#### [How to complete this task]
The data must be reproduced verbatim; images are to be omitted.

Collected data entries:
::::
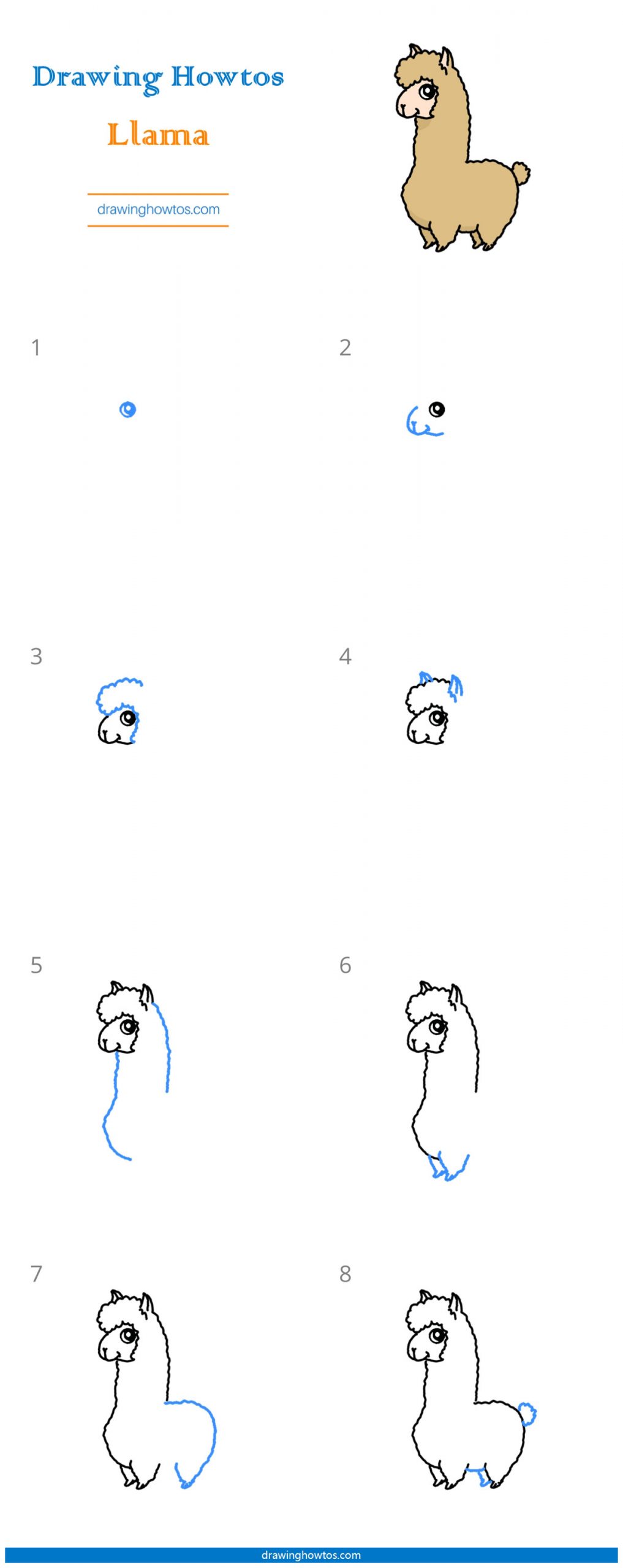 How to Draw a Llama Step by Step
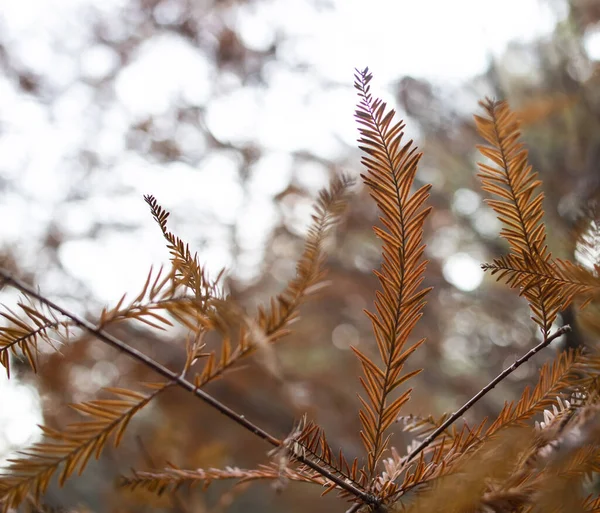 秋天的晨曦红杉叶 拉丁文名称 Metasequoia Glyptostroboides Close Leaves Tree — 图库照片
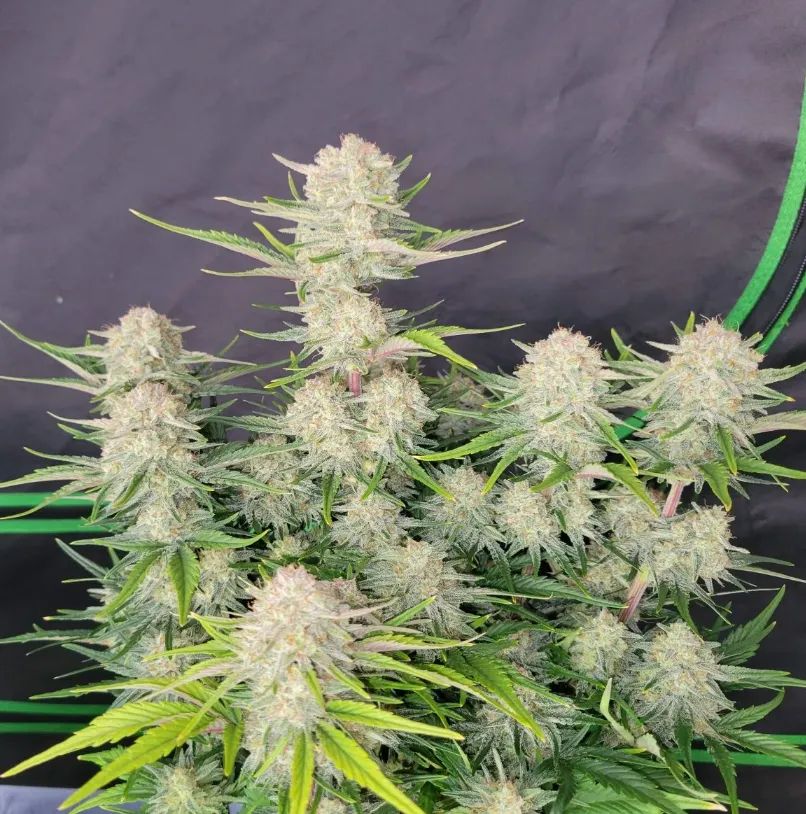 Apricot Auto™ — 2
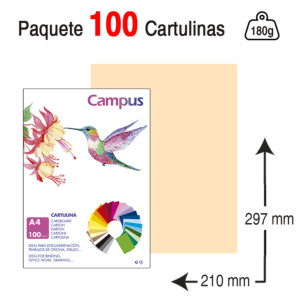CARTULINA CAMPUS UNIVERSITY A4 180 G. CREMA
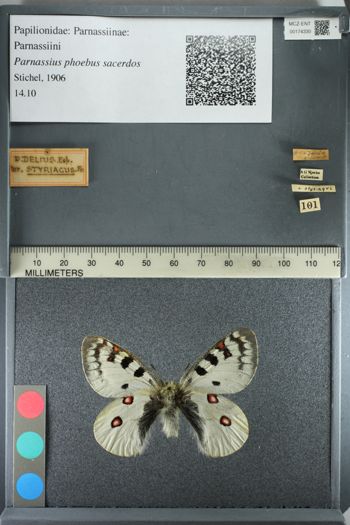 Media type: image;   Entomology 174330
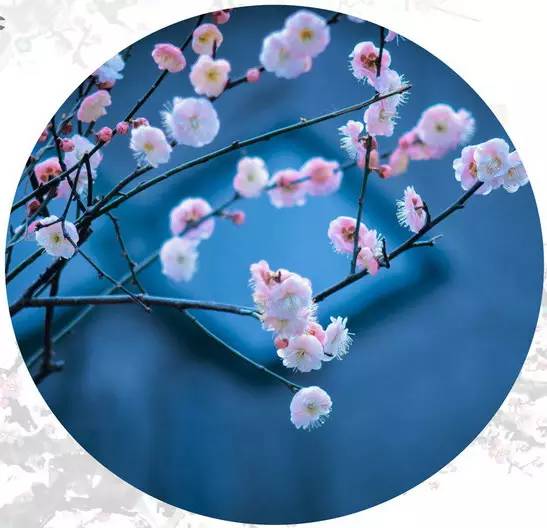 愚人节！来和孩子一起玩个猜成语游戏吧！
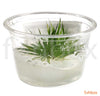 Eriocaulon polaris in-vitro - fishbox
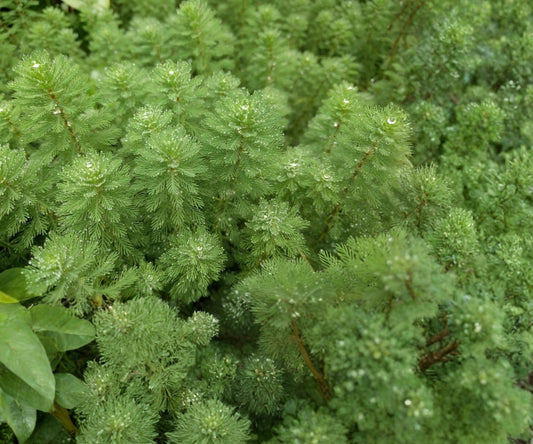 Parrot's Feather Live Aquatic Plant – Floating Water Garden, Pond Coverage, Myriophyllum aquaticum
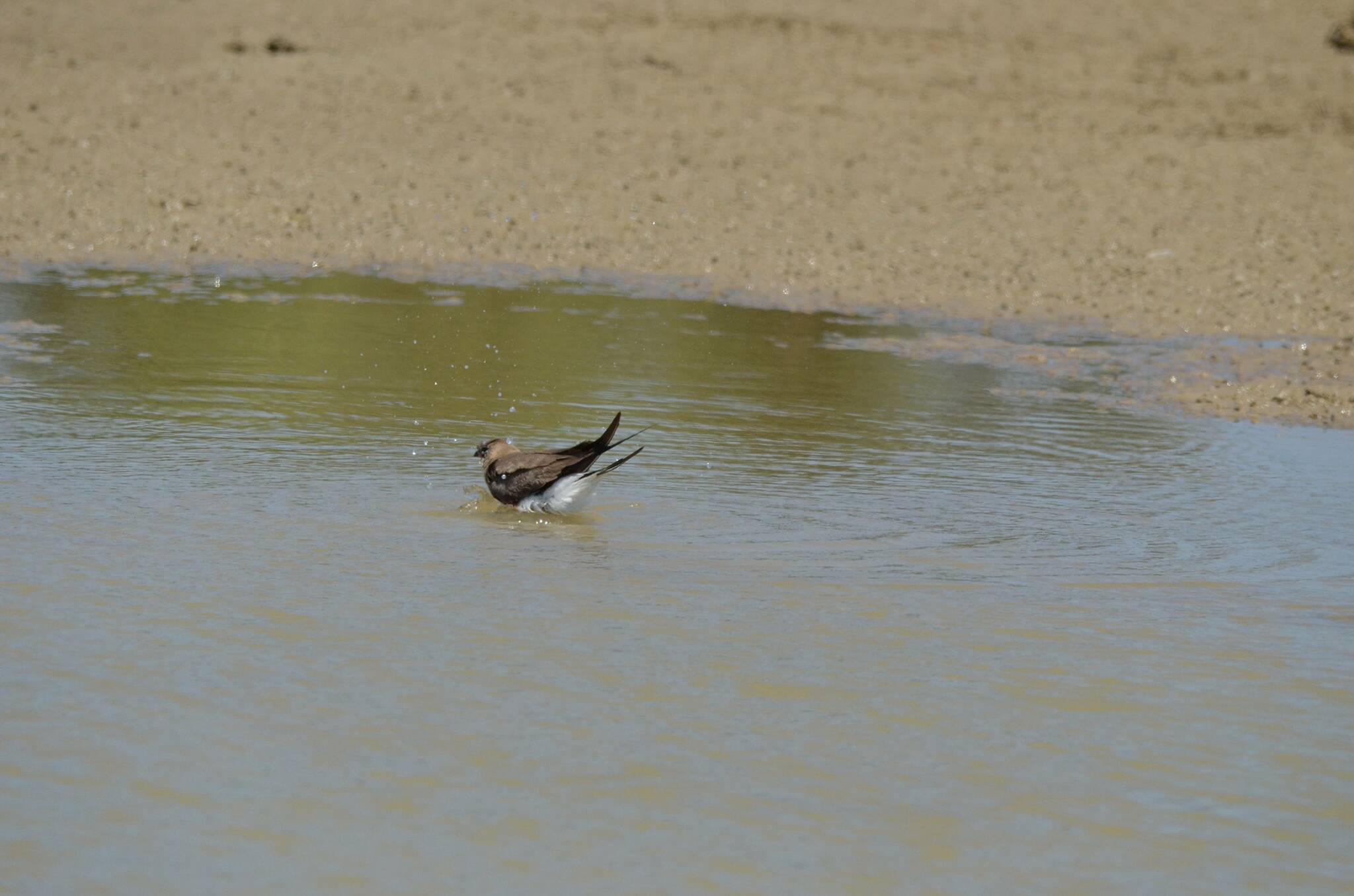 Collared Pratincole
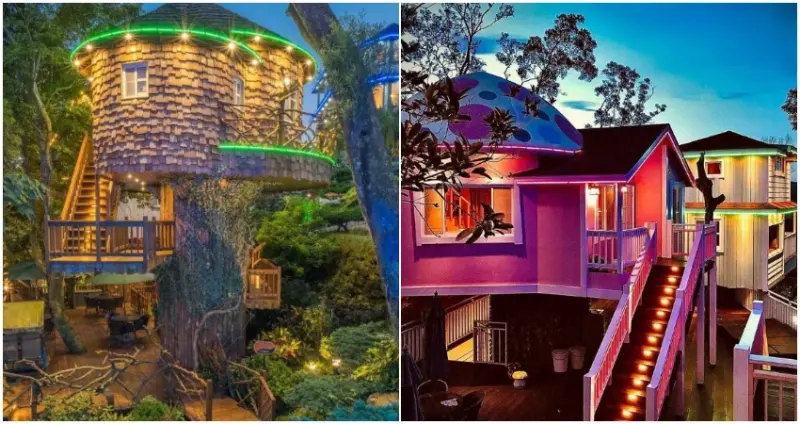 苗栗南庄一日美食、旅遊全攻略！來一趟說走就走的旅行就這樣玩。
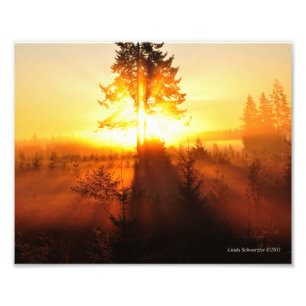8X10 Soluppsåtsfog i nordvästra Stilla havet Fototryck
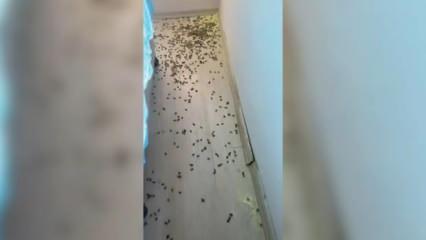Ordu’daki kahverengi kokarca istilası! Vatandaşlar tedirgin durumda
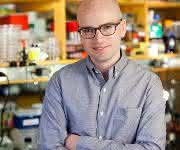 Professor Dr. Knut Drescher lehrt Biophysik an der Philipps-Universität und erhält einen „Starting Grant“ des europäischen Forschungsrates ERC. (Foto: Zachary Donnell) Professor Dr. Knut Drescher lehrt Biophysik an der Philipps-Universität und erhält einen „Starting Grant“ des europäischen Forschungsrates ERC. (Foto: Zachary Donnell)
::::
#### [Answer section]
 How to Draw a Llama Step by Step
 秋天的晨曦红杉叶 拉丁文名称 Metasequoia Glyptostroboides Close Leaves Tree — 图库照片
 Apricot Auto™ — 2
CARTULINA CAMPUS UNIVERSITY A4 180 G. CREMA
 Media type: image;   Entomology 174330
 愚人节！来和孩子一起玩个猜成语游戏吧！
 Eriocaulon polaris in-vitro - fishbox
 Parrot's Feather Live Aquatic Plant – Floating Water Garden, Pond Coverage, Myriophyllum aquaticum
 Collared Pratincole
 苗栗南庄一日美食、旅遊全攻略！來一趟說走就走的旅行就這樣玩。
8X10 Soluppsåtsfog i nordvästra Stilla havet Fototryck
Ordu’daki kahverengi kokarca istilası! Vatandaşlar tedirgin durumda
 Professor Dr. Knut Drescher lehrt Biophysik an der Philipps-Universität und erhält einen „Starting Grant“ des europäischen Forschungsrates ERC. (Foto: Zachary Donnell) Professor Dr. Knut Drescher lehrt Biophysik an der Philipps-Universität und erhält einen „Starting Grant“ des europäischen Forschungsrates ERC. (Foto: Zachary Donnell)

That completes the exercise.